A 75 ms execution time for a query with this level of JOIN complexity is not unusual. It is unlikely that the temporary tables are the primary culprit. Instead, the overall join strategy and how the optimizer handles the multiple cross joins and filtering conditions are more likely to be the factors influencing the execution time.  But if able to avoid tempDB, there could be an additional 5-15% saving in execution time by using SQL “IN” or “NOT IN” statements.  But as X++ currently do not support SQL “IN” in X++, I guess the approach would be to restructure the statement, ensuring that the smallest tables are earlier in the statements.

Feature management

On interesting fact observed is that we see checks and validations towards feature and flights to have an effect on the performance.  In total, there are 19.561 method calls in the trace related to feature checks.  The checks are fast, but the frequency is very high.  This tells me that the code paths and feature management is very tightly integrated, and feature states highly influences execution paths. 

A small fun fact, is that there are quite a few feature checks calls towards deprecated features, like the Scale unit capability for Supply Chain Management that was deprecated a few years ago.

Last note

In the world of performance tuning, tiny tweaks in code that runs thousands of times can add up to massive gains—think of it as the compound interest of optimization. A few milliseconds shaved off here and there may seem insignificant on their own, but they can quickly turn into a tidal wave of savings. So, remember: when it comes to high-frequency calls, every little improvement can make a big splash! And if you still try to find the needle in the haystack for the single code that improves everything, remember that there are no haystack;  Only needles.

Dynamics 365 and the Ostrich algorithm

Through my career, performance have been a returning topic, and I have tried to share as much of my knowledge as possible.  Today I would like to write about the .initValue() method, that is actually more costly than you think. Even if is empty.

I did a traceparsing to better understand the performance of inserting 10 sales order lines, that I feel is far below acceptable performance.

The Traceparser looked like this, and I was focusing on queries and statements that was unusual highly frequent for inserting 10 sales order lines.

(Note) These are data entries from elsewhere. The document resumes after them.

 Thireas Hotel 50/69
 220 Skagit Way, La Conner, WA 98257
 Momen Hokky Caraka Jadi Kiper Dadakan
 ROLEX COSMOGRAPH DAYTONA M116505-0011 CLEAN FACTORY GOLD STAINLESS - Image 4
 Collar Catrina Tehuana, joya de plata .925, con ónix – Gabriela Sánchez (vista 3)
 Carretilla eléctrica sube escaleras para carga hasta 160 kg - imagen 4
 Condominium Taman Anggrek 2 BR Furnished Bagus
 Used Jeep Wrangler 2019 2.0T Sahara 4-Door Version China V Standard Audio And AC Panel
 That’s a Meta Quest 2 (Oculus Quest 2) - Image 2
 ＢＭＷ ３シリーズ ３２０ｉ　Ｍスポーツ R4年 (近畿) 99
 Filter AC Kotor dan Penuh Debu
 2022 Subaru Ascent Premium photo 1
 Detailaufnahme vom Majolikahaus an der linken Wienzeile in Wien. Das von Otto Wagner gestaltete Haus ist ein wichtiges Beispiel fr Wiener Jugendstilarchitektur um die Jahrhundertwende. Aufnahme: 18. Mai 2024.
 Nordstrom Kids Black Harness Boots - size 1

Specifically there where 548 calls towards a table named SysClientSessions.

SELECT {fields}
FROM SYSCLIENTSESSIONS T1
WHERE (SESSIONID=61852)

Why would inserting 10 salesorder lines result in 548 db calls on the session table? I looked at the callstack, and realized that the original source was from the .initValue() methods, that triggers a chain of events, and deep into the call stack I see that there is a call towards Global::isRunningOnBatch() to validate if my client is in a batch or in a GUI.

The issue is that SYSCLIENTSESSIONS not cached. It is set to “none”, meaning that any queries will always hit the DB.

But why are the .initValue() executed so many times?


It seems that for misc charges a table is used as a search paramater table as shown here, and in this process, it starts with executing .initvalue()

Code like this are stealing milliseconds from the execution, and this is just a very small example showcasing why deeper trace parsing in Dynamics 365 F&O are needed.

To achieve better performance Microsoft must start looking for unneeded high frequent queries and take them seriously. Even though this small extra query is only 0,83 ms per execution, the total amount is close to 0.5s as it is executed 548 times. In addition there will be latency and AOS processing time throw-out the callstack for each query.

I have encountered many similar situations, and I try to report them to Microsoft support. In most of the cases it returns back with “as designed” conclusion, and where support do not consider this as a bug. But if these minor details would get focus, the sum of such improvements would really speed up the Dynamics 365 F&O performance. Should I add them to the ideas site to die?

We in the community want Dynamics 365 to be the best solution ever, and fixing the minor things can really make a major change. I hope that Ostrich algorithm is not becoming an official Microsoft approach to minor issues, as what is actually wanted is perfection and not excuses.

This blogpost was written without any AI.